Reference request: norm of completely positive map between C*-algebras is attained along approximate identity
Let $A, B$ be C*-algebras, with $e_\lambda$ an approximate identity in $A$. I'm fairly certain that if $\varphi : A\to B$ is a (completely) positive map, then $\|\varphi\| = \lim_\lambda\|\varphi(e_\lambda)\|$. I could've sworn I had references for this result, but I can't seem to find it anywhere.
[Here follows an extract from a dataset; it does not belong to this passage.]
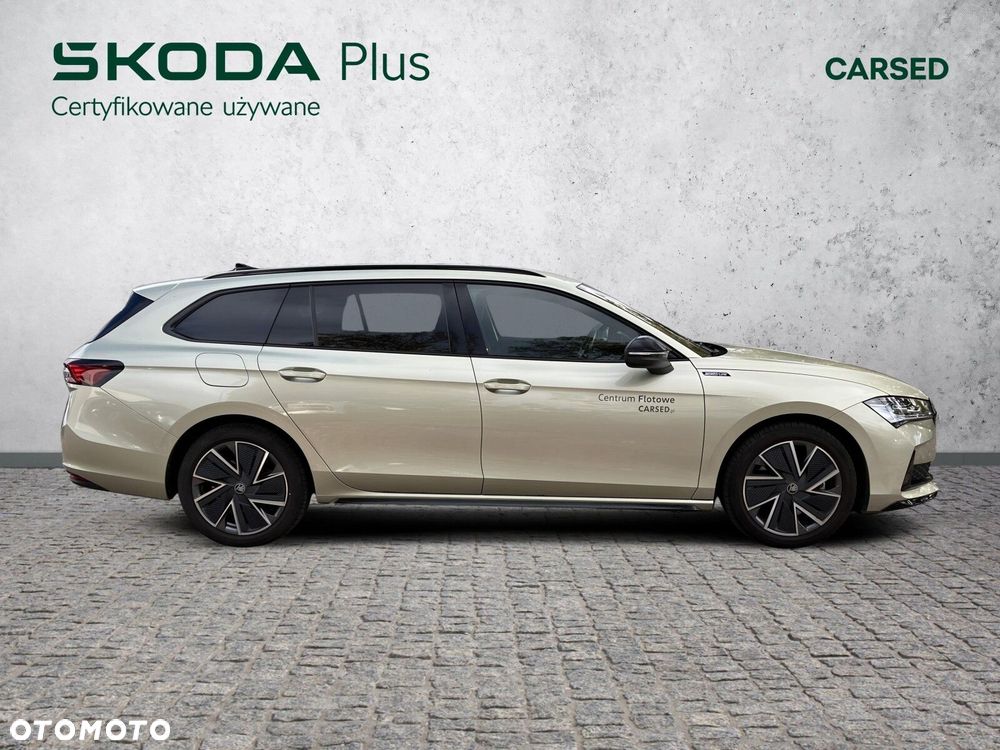Skoda Superb 2.0 TSI Sportline DSG - 9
I checked Blackadar's book "Operator Algebras", but it appears only to include the result that a unital linear map $\varphi : A\to B$ is positive if and only if it is contractive, which is not what I'm looking for.
I've found a reference for the unital case: if $\phi : A\to B$ is a positive map between unital C*-algebras, then $\|\phi\| = \|\phi(1)\|$. This can be found in Paulsen's "Completely Bounded Maps and Operator Algebras" (corollary 2.9), as a corollary of the Russo-Dye theorem. Have I perhaps misquoted the result in the first paragraph?
I'm also less certain that I've seen this similar result stated before: if $\psi : A\to B^*$ is (completely) positive, then $\|\psi\| = \lim_\lambda\|\psi(e_\lambda)\|$. Positivity in $B^*$ is defined as you might expect, giving us an order structure, and the order structure on $M_n(B^*)$ is obtained by the canonical identification of $M_n(B^*)$ with $M_n(B)^*$. I was hoping to find a proof of the result in the paragraph above and see what modifications needed to be made to prove this, but now I can't find either.
A reference is Lance's book "Hilbert $C^*$-modules", lemma 5.3, p46. However, here is my proof which I believe is more straightforward than the one you will encounter in this reference.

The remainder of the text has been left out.